**Recorded data:**
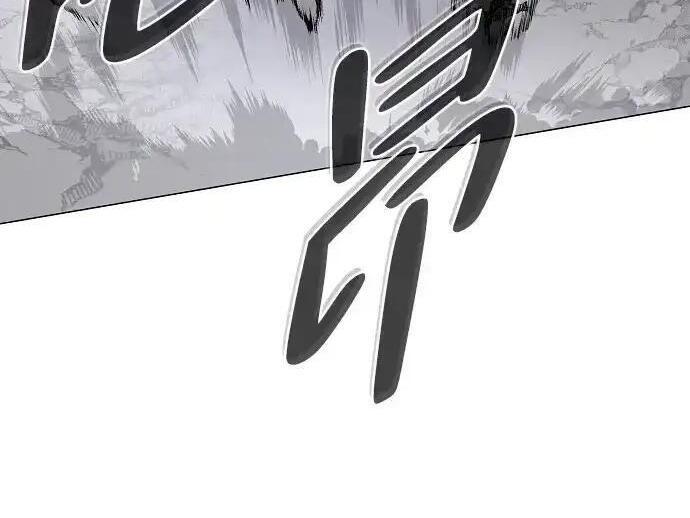 第105话 业镜 第140页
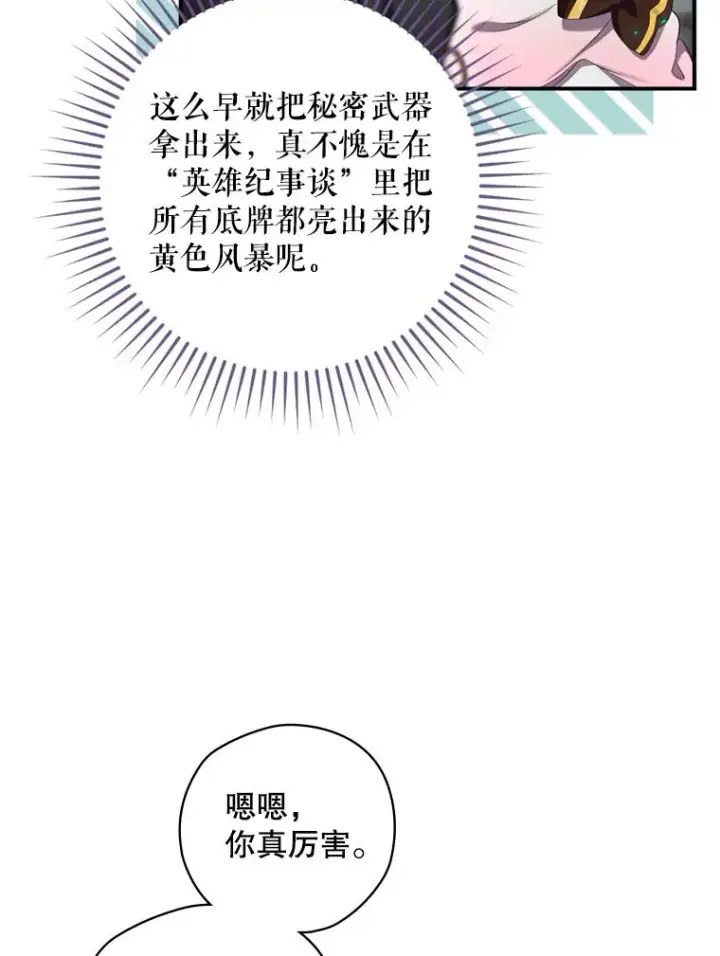 漫画《结局制造者》8.攻略副本第46张图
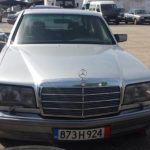 Автокъща в с. Плачидол | Конкорт Груп България АД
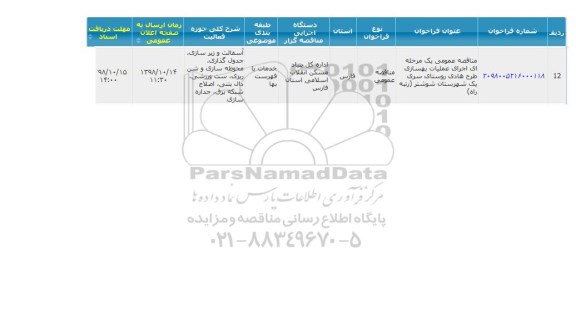 مناقصه،مناقصه عملیات بهسازی طرح هادی روستای...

**Problem:** Once the pictures are removed, print all the remaining data exactly as it stands.

**Answer for the task:**
 第105话 业镜 第140页
 漫画《结局制造者》8.攻略副本第46张图
 Автокъща в с. Плачидол | Конкорт Груп България АД
 مناقصه،مناقصه عملیات بهسازی طرح هادی روستای...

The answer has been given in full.